Dave’s a good guy, we have similar interests,
and he’s an excellent story teller. However, he takes prolonged and drawn out
pauses before he says anything, and I absolutely loath silence. It was during
another painful bout of silence, that I opened my wallet to ensure that I had
picked up my staff ID card before leaving the house; and noticed a £5 note
jutting out. I had a brainwave, a challenge for Dave. This challenge could
potentially leave me seriously out of pocket, but I was so convinced he would
be unable to complete it, I had no qualms about the stakes I was offering. ‘Got
a challenge for you mate, if you can find the three Indians on this £5 note
I’ll give you £2,500.’ Dave looked at me quizzically, as if I’d just arrived
from another planet. Dave replied: ‘nobody bets anyone that kind of money
without a catch.’ ‘No catch mate, find the three Indians and £2,500 is yours.’
‘What’s in it for you?,’ he asked. ‘Nothing mate, apart from the satisfaction
that you won’t be able to find them!’ He took the £5 from me and quickly began
to survey it, he tossed and turned it, and frequently waved it.
‘How long have I got to complete this
challenge of yours?’ ‘Until we get off the bus, so that roughly gives you half
an hour.’
The bus isn’t that packed for a Monday,
which is strange, usually there isn’t a chance of getting a seat; there have
been many occasions in the past where I’ve had to wait for the ten past eight
bus, which cuts it fine for me arriving at work on time. The bus driver is new as well, he had a
massive smile across his face when Dave and I got on earlier, I assured him
that in a few months his enthusiasm would diminish considerably. ‘Have you had
any fare dodgers yet?’ ‘The bus driver shook his head and replied ‘this is my
first shift.’ He looked backwards surveying the people on board ‘you are my 9th
passenger.’ ‘Oh right, I’ll warn you about the fare dodgers then, just let them
on, it’s not worth the aggro for a couple of quid, you know what happened to
Andrew right?’ He shook his head. ‘Well Andrew stood his ground, told three
youths that if they didn’t pay he’d call the police, well the lads threw him
out of the cabin and nicked the bus, fortunately there weren’t any passengers,
so it could have been a lot worse.’ ‘And watch out for Mildred she gets on in a
couple of stops, she’ll keep you talking for ages telling stories about her ill
grandson and her daughter who she hasn’t seen for ten years; she’ll claim she’s
an OAP and she suffers from memory loss so she can’t remember where she put her
pass, but she’s 55 and in excellent health, she doesn’t have a grandson and her
daughter lives next door; she’s been fabricating the story to newbies for
years, so she can skip the fair.’ Dave interjected at this point ‘in fact she’s
just started a club, giving tips on how to dodge bus, taxi and train fares, how
to get money off essentials at the supermarket and how to get a free haircut.’

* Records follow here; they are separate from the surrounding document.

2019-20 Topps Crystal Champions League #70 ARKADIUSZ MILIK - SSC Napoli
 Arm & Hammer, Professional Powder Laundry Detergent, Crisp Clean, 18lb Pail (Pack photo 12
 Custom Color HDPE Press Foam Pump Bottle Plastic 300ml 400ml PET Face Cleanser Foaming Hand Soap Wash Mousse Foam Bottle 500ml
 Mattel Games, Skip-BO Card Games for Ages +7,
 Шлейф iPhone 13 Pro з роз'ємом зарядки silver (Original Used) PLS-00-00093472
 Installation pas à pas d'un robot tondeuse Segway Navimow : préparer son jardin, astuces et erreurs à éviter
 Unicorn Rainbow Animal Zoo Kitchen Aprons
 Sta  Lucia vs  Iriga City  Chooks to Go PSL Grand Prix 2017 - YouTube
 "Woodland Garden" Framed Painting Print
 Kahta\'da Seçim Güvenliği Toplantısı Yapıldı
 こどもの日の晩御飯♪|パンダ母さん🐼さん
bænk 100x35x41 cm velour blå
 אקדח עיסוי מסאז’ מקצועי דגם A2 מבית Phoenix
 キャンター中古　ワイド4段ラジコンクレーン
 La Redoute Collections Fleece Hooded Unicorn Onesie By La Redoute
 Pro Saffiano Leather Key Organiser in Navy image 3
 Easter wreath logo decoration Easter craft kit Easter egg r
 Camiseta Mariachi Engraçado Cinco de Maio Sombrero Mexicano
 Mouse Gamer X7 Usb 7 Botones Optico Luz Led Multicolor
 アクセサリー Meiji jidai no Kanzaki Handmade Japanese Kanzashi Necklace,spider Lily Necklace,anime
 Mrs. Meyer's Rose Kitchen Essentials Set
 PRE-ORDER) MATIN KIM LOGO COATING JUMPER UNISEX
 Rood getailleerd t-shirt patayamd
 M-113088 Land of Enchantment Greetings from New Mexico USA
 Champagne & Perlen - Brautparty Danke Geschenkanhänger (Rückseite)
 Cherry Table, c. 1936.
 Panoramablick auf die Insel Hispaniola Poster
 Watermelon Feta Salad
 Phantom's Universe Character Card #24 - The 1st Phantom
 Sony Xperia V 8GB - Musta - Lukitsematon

The driver muttered ‘Erm thanks for the warning.’
‘I’ve found two’ Dave pointed out the two
Indians on the top right hand corner of the £5 note, only five minutes in and
he’d found two. This could end in disaster for me, but I’m still convinced that
he won’t locate the final Indian. He looked at me ‘nervous yet?’ I smiled and
replied ‘nope as cool as a cucumber.’
Ten minutes have passed, we have about ten
stops left before getting off, Dave is still frantically searching for the
final Indian; he wouldn’t know it, be he’s touched it about five times, I have palpitations
every time his hand goes near it.
Mildred’s on the bus, she didn’t get away
with her scheme thanks to my heads up. Her face lit up when she saw the new
driver, but her expression turned into a frown when her plan was rumbled.
Time is passing by extremely slowly, and we are
caught in a traffic jam caused by roadwork’s at the Vine
Island, this gives Dave some precious minutes to become £2,500 richer.
I distract myself, by chatting to some of my
regular travel colleagues. I’ve learnt a few things this morning. Cora’s
business is close to bankruptcy, Betty’s having a state of the art kitchen from
Ikea, Maggie AKA Christine, scooped £20 on the Health Lottery, Phelma can’t
decide whether to have her birthday party at the Bentlands or the Village Hall,
Jan and her husband are going to Barcelona for two weeks, Rene is abseiling
this weekend, Carol reckons the waiter in The Crown pub fancies her and Simon’s
abandoning his DIY project, because in his own words ‘I can’t be arsed.’ There’s
a lot of funny folk from Codsall.
Unfortunately for Dave his mission to secure £2,500 has failed, the bus
has stopped outside our workplace. He slowly shakes his head, handing me back
the £5 note, but I’ve told him to keep it as a consolation prize. ‘So where was
the final Indian.’ ‘It’s the chief cashier mate.’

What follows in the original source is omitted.